**HOW TO COMPLETE THIS TASK:**
Please write out all of the entries exactly as they appear.

**Saved entries:**

■ ■ ■ ■ ■

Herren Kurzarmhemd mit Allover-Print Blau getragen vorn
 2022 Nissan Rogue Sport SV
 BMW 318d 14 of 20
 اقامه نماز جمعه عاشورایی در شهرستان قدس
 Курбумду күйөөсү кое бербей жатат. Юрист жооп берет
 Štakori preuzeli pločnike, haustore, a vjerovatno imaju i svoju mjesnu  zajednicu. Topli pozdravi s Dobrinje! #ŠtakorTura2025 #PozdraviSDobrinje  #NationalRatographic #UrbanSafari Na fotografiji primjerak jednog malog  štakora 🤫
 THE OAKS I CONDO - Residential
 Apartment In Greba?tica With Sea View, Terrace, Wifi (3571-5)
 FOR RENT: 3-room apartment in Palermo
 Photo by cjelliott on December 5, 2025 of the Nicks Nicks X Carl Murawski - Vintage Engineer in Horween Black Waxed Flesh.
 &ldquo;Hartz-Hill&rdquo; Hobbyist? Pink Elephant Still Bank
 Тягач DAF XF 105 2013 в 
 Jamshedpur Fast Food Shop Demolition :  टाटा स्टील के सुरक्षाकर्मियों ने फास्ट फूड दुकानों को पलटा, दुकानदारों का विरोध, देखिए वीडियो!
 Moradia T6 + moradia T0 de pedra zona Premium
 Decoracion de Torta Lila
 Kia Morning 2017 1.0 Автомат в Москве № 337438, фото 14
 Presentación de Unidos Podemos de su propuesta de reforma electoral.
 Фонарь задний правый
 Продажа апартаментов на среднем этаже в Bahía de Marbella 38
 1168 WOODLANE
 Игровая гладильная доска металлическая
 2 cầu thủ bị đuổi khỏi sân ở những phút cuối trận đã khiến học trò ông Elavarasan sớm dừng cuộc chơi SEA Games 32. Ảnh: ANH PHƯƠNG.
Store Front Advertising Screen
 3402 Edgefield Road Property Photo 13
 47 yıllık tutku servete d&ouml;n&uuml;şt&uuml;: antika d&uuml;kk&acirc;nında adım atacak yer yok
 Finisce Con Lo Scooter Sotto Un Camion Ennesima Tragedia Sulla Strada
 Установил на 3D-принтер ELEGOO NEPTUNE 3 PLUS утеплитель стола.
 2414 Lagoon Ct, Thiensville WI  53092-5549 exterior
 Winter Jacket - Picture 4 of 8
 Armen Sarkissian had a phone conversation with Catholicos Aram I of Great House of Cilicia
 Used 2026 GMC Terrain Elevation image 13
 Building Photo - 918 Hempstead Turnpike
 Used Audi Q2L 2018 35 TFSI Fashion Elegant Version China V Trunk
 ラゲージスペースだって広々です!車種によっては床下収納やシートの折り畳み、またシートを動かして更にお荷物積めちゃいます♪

■ ■ ■ ■ ■

**OUTPUT FOR THIS TASK:**
Herren Kurzarmhemd mit Allover-Print Blau getragen vorn
 2022 Nissan Rogue Sport SV
 BMW 318d 14 of 20
 اقامه نماز جمعه عاشورایی در شهرستان قدس
 Курбумду күйөөсү кое бербей жатат. Юрист жооп берет
 Štakori preuzeli pločnike, haustore, a vjerovatno imaju i svoju mjesnu  zajednicu. Topli pozdravi s Dobrinje! #ŠtakorTura2025 #PozdraviSDobrinje  #NationalRatographic #UrbanSafari Na fotografiji primjerak jednog malog  štakora 🤫
 THE OAKS I CONDO - Residential
 Apartment In Greba?tica With Sea View, Terrace, Wifi (3571-5)
 FOR RENT: 3-room apartment in Palermo
 Photo by cjelliott on December 5, 2025 of the Nicks Nicks X Carl Murawski - Vintage Engineer in Horween Black Waxed Flesh.
 &ldquo;Hartz-Hill&rdquo; Hobbyist? Pink Elephant Still Bank
 Тягач DAF XF 105 2013 в 
 Jamshedpur Fast Food Shop Demolition :  टाटा स्टील के सुरक्षाकर्मियों ने फास्ट फूड दुकानों को पलटा, दुकानदारों का विरोध, देखिए वीडियो!
 Moradia T6 + moradia T0 de pedra zona Premium
 Decoracion de Torta Lila
 Kia Morning 2017 1.0 Автомат в Москве № 337438, фото 14
 Presentación de Unidos Podemos de su propuesta de reforma electoral.
 Фонарь задний правый
 Продажа апартаментов на среднем этаже в Bahía de Marbella 38
 1168 WOODLANE
 Игровая гладильная доска металлическая
 2 cầu thủ bị đuổi khỏi sân ở những phút cuối trận đã khiến học trò ông Elavarasan sớm dừng cuộc chơi SEA Games 32. Ảnh: ANH PHƯƠNG.
Store Front Advertising Screen
 3402 Edgefield Road Property Photo 13
 47 yıllık tutku servete d&ouml;n&uuml;şt&uuml;: antika d&uuml;kk&acirc;nında adım atacak yer yok
 Finisce Con Lo Scooter Sotto Un Camion Ennesima Tragedia Sulla Strada
 Установил на 3D-принтер ELEGOO NEPTUNE 3 PLUS утеплитель стола.
 2414 Lagoon Ct, Thiensville WI  53092-5549 exterior
 Winter Jacket - Picture 4 of 8
 Armen Sarkissian had a phone conversation with Catholicos Aram I of Great House of Cilicia
 Used 2026 GMC Terrain Elevation image 13
 Building Photo - 918 Hempstead Turnpike
 Used Audi Q2L 2018 35 TFSI Fashion Elegant Version China V Trunk
 ラゲージスペースだって広々です!車種によっては床下収納やシートの折り畳み、またシートを動かして更にお荷物積めちゃいます♪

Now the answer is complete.